My Dad the Drug Dealer

A father's connection to recently deceased LSD king Owsley Stanley.

Sorry to interrupt our normally scheduled programming, but I have to tell you a story. It’s about my dad, and how, for six months, he sold the best acid in the world.

Last week, a man by the name of Owsley Stanley drove his car into a tree near his home in Queensland, Australia. Stanley, who died as a result, was many things to many people during his 76 years on Earth—the grandson of a former U.S. Senator, a ballet dancer, a devoted carnivore (he once blamed a heart attack on some broccoli he’d eaten), and one of the first non-scientists to take seriously the threat of global warming.

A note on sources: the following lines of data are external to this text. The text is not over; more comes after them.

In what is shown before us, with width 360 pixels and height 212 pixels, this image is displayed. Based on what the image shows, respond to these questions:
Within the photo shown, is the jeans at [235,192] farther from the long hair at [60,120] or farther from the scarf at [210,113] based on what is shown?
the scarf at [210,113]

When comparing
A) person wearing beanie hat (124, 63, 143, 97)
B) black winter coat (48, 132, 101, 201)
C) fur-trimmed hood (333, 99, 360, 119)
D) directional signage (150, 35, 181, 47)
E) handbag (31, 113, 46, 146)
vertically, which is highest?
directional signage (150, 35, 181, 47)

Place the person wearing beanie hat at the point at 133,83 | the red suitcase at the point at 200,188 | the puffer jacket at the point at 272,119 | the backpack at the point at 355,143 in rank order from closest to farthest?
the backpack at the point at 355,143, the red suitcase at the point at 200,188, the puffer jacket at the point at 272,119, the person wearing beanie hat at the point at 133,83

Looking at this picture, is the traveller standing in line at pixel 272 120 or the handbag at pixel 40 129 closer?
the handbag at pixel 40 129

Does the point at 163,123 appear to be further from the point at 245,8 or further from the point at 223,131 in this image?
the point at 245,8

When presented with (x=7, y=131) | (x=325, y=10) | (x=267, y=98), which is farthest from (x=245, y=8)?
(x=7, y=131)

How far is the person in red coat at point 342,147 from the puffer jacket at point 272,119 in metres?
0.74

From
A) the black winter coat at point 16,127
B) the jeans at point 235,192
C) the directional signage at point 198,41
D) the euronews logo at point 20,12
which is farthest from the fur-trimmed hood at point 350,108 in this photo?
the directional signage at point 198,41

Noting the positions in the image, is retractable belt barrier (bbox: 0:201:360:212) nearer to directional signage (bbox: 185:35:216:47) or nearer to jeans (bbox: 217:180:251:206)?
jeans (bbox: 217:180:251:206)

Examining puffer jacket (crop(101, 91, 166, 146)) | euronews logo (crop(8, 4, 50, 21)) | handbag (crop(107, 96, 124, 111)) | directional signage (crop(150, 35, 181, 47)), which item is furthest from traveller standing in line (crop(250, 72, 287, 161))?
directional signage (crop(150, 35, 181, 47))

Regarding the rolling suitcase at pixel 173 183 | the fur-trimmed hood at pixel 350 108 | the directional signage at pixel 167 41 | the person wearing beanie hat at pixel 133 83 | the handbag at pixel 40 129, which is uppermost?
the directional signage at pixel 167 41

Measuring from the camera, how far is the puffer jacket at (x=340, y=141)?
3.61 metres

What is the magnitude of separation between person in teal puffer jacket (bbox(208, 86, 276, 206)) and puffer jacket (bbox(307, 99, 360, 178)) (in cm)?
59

But what Stanley was to most people was summed up best in the first sentence of his New York Times obituary: a “prodigiously gifted applied chemist to the stars, who made LSD in quantity for the Grateful Dead, the Beatles, Jimi Hendrix, Ken Kesey and other avatars of the psychedelic ’60s.”

Stanley was a modern-day alchemist. A self-taught genius who, with help from a girlfriend studying chemistry at UC Berkeley, developed a strain of LSD that was almost entirely pure. As a result, he (or more specifically, his product, which came to be known as “Owsley” and was distinguished by the lavender owl on each tablet) became famous.

Stanley’s first “freak-out” happened in a seaside lodge south of San Francisco during a Jerry Garcia solo. It was witnessed by none other than Tom Wolfe, who later recorded the event in his second book, the era-defining The Electric Kool-Aid Acid Test. Around this time (that would be 1965), my father was coming of age in Washington, D.C. After a brief stint as an anthropology major at George Washington University, he dropped out and joined a group of medics assisting Vietnam demonstrators, an organization that would become one of the precursors of Doctors Without Borders.

Burned out by the war protests and his next job as the co-director of a methadone clinic, my dad soon fled D.C. for the following places, in order: a cabin in the woods in Nova Scotia; Guatemala; Mexico; and San Francisco, where he and a girlfriend lived in a junkie’s house while she anguished over whether or not to reconnect with a child she’d given up for adoption.

It was in this counterculture haze, in a coffee shop in Haight-Ashbury, the epicenter of the movement, when my dad literally ran into the man who would become his connection. He can’t remember much about Stanley. Just that he was young, like him, and ran his operation out of a trailer in the country.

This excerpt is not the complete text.